Buying an old building
Between $100,000-$150,000 (€73,000-€110,000) for a 100 sq m flat
Buying a new building
Between $250,000-$280,000 (€180,00- €205,000) for a 100 sq m flat
Rules and regulations are the same whether you are Lebanese or a foreigner. Prices are quoted in US dollars. “Just bear in mind that people don’t always keep their word,” says estate agent Nana Hamdan. “So if someone promises you something in the morning by the afternoon they might have changed their mind.” Be prepared to act fast. A lawyer can make sure there are no irregularities or pending claims on the property and can obtain the certificate on which the sale will be based.
Legal fees: to be agreed with lawyer.
Registration duty including mutation taxes: 6.5 per cent of declared value.
Notary fees: 0.5 per cent.
Agent’s fee: 2.5 per cent on each side (buyer and seller) or 5 per cent total.
Estate agents: Nana Hamdan, + 961 3 606 783 or Dimitri Anid, + 961 1 564 034
Setareh Shahbazi, 32, artist
“When I moved in, the flat looked like a piece of Swiss cheese. I renovated it just enough to make it liveable. I find the building really special. In the summer my housemate Franziska organises open-air movie screenings on our terrace. In our own way we’ve revived the now defunct cinema Vendôme just up the street.”
Toufic el Zein, 47, gallery owner and designer
“I came here thanks to my neighbour, the photographer Nadim Asfar. This place was divided into two and needed to be rented with the store downstairs. It took seven months to redo. I have neighbours who come and bring me a plate of whatever they’ve just cooked.”
Caline Chidiac, 35, DJ and public relations for Nada Debs design
“With galleries and young people moving in I think we’re very lucky to witness the rebirth of the neighbourhood. The combination of the old tenants who’ve lived here for 50 years and the new trendy types is priceless.”
Malak Beydoun, 34, creative director of Aïshti magazine
“Whenever I travel, people in the neighbourhood ask me where I went. There’s a real sense of community here. That said, people are respectful, they don’t ask you a hundred questions about your private life.”
Charbel Haber, 31, The Scrambled Eggs band leader
“Because Armenians are themselves immigrants they have no problem in accepting newcomers. That’s what’s so special here. The day I bought my apartment, a guy called and offered me $25,000 [€18,000] if he could buy it instead.”
Karine Fakhry, 35, architect at FAR Architects
“Five years ago, I was living in the US and was hesitating whether to open my studio in Lebanon. I chose Mar Mikhael when it was ‘off Broadway’, so to speak. I don’t regret it one bit. I love my building and when we’re hungry, we just call the manakish guy from our balcony and he brings up our snacks.”

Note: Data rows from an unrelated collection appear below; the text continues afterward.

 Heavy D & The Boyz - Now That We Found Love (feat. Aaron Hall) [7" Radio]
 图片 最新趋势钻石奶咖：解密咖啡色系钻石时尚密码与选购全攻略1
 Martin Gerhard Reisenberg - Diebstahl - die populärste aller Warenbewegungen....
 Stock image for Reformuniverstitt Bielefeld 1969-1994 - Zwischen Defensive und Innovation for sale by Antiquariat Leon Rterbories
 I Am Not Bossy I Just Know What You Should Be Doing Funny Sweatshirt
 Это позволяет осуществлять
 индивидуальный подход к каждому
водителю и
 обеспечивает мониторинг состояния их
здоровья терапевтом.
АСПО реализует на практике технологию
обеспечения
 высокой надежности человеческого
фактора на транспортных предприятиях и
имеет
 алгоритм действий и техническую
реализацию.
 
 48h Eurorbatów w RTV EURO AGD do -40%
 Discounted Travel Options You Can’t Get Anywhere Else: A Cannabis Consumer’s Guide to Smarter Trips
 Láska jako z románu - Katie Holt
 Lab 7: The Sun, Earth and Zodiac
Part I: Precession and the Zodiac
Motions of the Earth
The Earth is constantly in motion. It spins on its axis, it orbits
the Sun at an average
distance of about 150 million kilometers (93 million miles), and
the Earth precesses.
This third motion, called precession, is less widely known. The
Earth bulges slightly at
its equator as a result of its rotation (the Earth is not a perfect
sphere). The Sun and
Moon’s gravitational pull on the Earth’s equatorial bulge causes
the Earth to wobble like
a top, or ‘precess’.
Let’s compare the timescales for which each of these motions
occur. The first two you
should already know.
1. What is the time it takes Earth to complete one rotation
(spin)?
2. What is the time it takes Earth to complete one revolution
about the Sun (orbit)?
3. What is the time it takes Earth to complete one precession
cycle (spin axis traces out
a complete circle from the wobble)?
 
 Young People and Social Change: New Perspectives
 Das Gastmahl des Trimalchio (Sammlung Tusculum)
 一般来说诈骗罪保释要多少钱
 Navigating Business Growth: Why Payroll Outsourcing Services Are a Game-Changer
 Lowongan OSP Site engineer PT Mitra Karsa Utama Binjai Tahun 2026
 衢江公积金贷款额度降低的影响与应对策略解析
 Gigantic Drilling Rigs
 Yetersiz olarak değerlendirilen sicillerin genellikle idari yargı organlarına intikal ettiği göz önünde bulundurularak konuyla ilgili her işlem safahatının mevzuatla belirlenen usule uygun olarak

Rania Naufal, 34, owner of Papercup bookshop
“I’m very happy here but I don’t want it to change like in nearby Gemmayzeh, with bars opening up on every doorstep. I don’t think it will though. Properties are divided between dozens of family members scattered across the world in the US and Armenia, so it’s hard to get anyone to sell. This is what will preserve the neighbourhood.”